Last September, Christine became certified as a therapy dog. I feel strongly that I want to help veterans Injured emotionally by war’s trauma so we began volunteering at the VA Hospital in Palo Alto. Usually we go with my good friend Gretchen and her 10 year-old lab, Daisy. Every visit is a new set of challenges.
The “twin” labs as they have come to be recognized, come into their workplace through two locked and monitored doors. The vets inside are at risk—so they aren’t allowed outside their ward. On the upstairs ward, there is camaraderie; vets wanting to talk about the dogs they have known, their wartime experiences and sometimes their plans for the future. There is also some interest in getting involved with Paws for Purple Hearts—a vets helping vets dog therapy program. We visit the common lounge and eating area, and then work our way down the two halls. The recreation therapist, who is always with us, knocks on each door and says “do you want to see the dogs today?” Usually Christine and Daisy take turns approaching the patient in bed. Some of these visits last only a few minutes. When a patient smiles and breaks the silence, the dogs will move in a little closer. Daisy is a masterful licker if given the go ahead.
After an hour is up, the four of us head toward our second stop, downstairs. The rec therapist tells us that today might be a short visit. We go through the locked doors and it is quiet inside. It turns out that half of the patients are in the patio. The sun is breaking through the clouds and there is an afternoon warmth in the air. The exterior walls are several feet taller than the basketball hoop at one corner. The dogs do their best to engage. I’ve had good conversations with some of these men on previous visits, but today the tension is palpable. Soon we are back inside. and we tour the lounges and bedrooms. By holding onto Christine’s leash one patient has annoyed the others so much that our visit concludes.

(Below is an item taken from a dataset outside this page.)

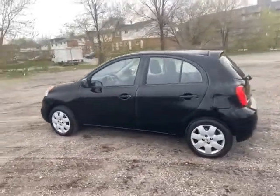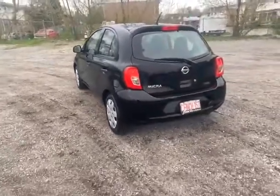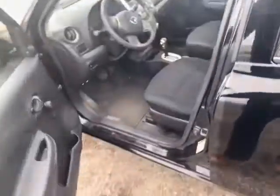It comes with two years of free oil changes included, as well as a 90-day exchange privilege. This is the S model Micra, so it does have the manual windows and seats.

The last couple of months at the VA Hospital has shown me how pet therapy is a positive therapy. One guy upstairs who followed us for much of a visit one afternoon told me “we don’t need these fancy doctors they give us, we just need a dog.” Even when it is difficult, as yesterday was on the downstairs ward, I have seen how the dog’s attention can engage the person inside, however fragile their exterior may be.
The attached picture was made into a poster for the two wards we visit, with a short bio about each dog.